If anyone knows the heartbreak of going through the qualifying trials, it would be Tull. In her junior season, in her specialty of the 100-yard breaststroke, she missed the finals by a mere .3 of a second.
“I went through a time during the end of my sophomore year and then starting junior year, where I wasn’t enjoying being in the pool,” Tull said. “So for my senior year, I decided to do something different.”
What she did was stay out of the pool during the summer AAU competition meets, and then opted to run cross country for the Lady Buffs, something she said was one of her best decisions.
“I decided just two days before the fall cross country practice started and it was just a good experience to run, and stay in shape,” Tull said. “Then, when I came back off the winter months, I had that excited feeling about being in the pool and that makes me happy.”
Tull said that her freshman year was probably when the Buffs had their strongest team, with Claire and Grace Schmidt among others leading the way, along with Erika Schafer.
“Those seniors did a lot to help me and others understand what we needed to do for training and then competing,” Tull said. “This year, we had some girls who chose not to come out, so it’s been a real challenge in the practices for me. I’ve found ways to motivate myself.”

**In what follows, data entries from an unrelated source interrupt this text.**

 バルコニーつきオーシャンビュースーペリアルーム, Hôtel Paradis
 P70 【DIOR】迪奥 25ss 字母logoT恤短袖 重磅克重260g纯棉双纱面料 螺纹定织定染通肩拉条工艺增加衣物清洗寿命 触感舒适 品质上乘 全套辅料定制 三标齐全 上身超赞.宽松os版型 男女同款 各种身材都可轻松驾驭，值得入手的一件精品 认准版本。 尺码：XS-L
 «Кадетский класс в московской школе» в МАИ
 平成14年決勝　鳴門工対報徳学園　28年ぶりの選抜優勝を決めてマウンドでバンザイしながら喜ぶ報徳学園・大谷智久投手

Tull also swims on a couple of the Buffs’ relay teams, as well as working in the 200-yard individual medley where she swims all four strokes of 50 yards each (backstroke, butterfly, breaststroke and freestyle).

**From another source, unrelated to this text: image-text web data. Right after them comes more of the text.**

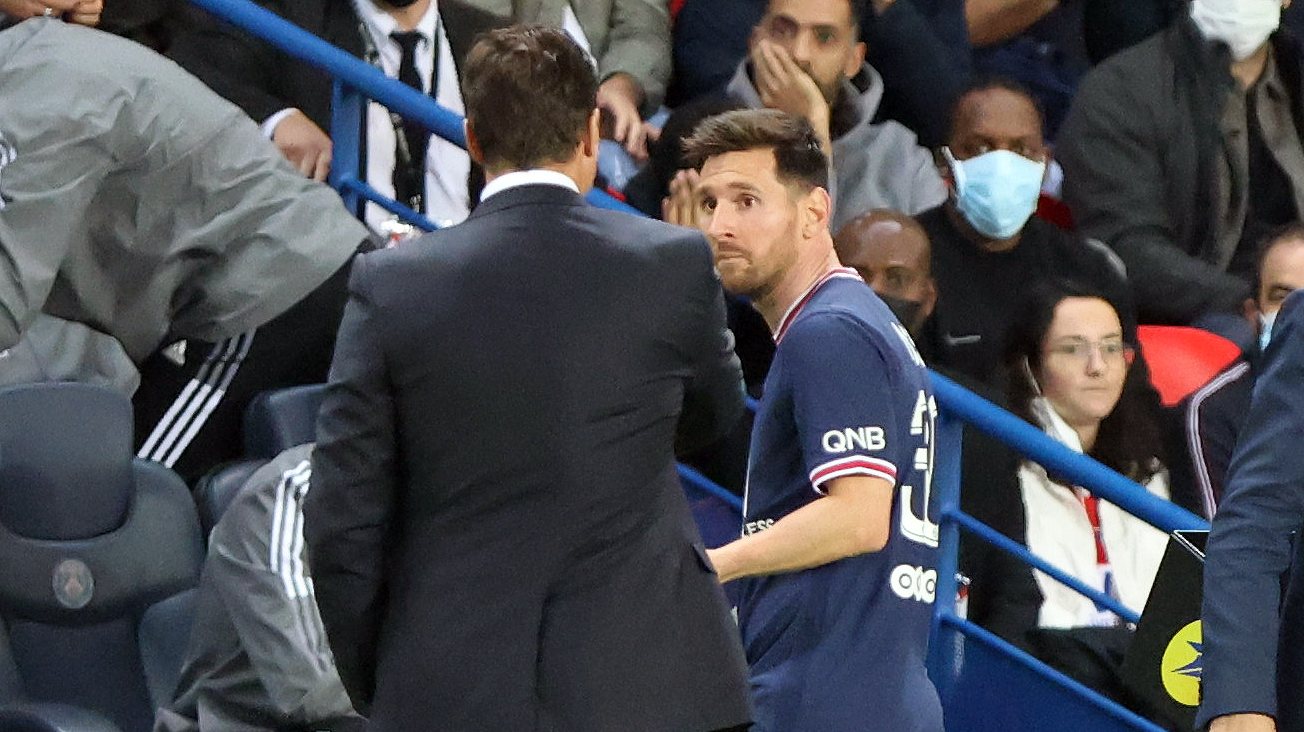 A cara de Messi quando foi substituído pelo compatriota e treinador Pochettino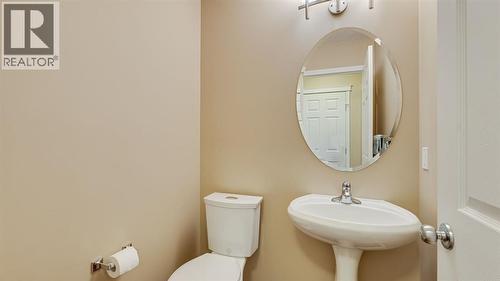 157 Bridleridge View Sw, Calgary, AB - Indoor Photo Showing Bathroom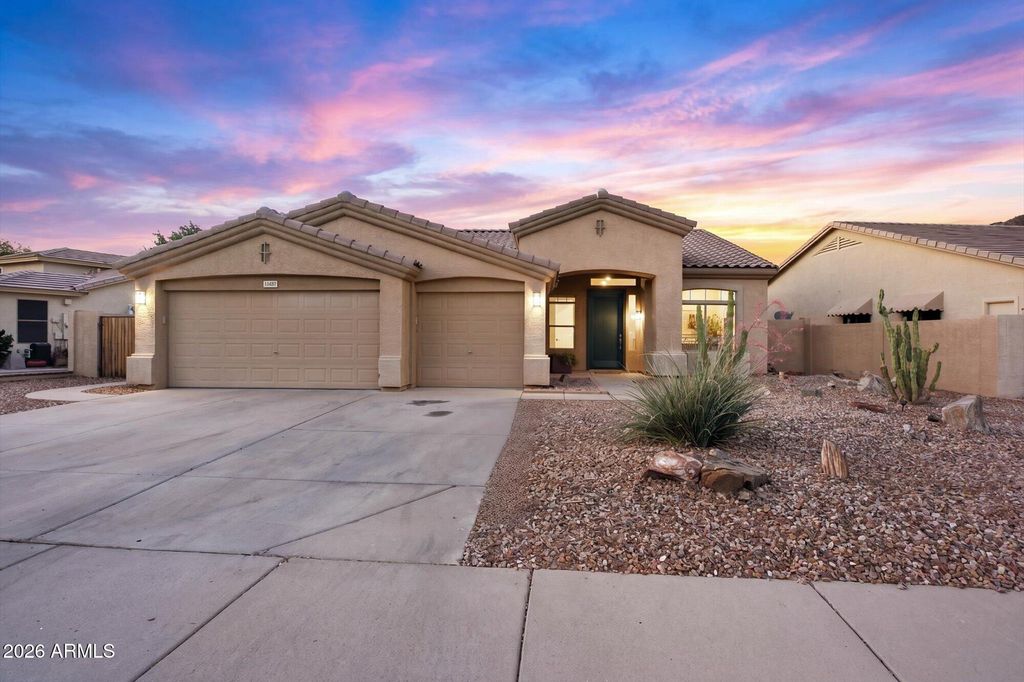 Image 40 of property listing at 25627 N HACKBERRY Drive, Phoenix, AZ 85083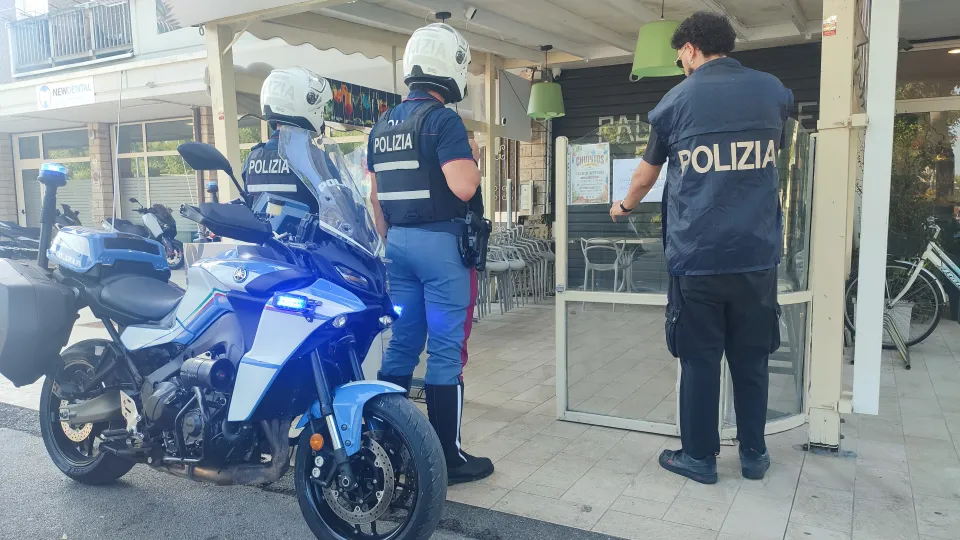 il locale chiuso per 10 giorni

“The IM is the worst event, and perhaps that is why I like it the most,” Tull said with a big smile. “I have a weird relationship with pain and I feed off it, but don’t necessarily like it.”
Coming off a strong sophomore season and summer success, Tull said she thought she’d be in a position to dominate the Western Athletic Conference. Instead, Dodge City had a foreign exchange student who was just consistently faster all season.
“I had no idea she was there,” Tull recalled of the first meet in which she competed against the foreign exchange student. “I’d won a big summer meet and this girl comes in from Germany and it just made the season really, really tough.”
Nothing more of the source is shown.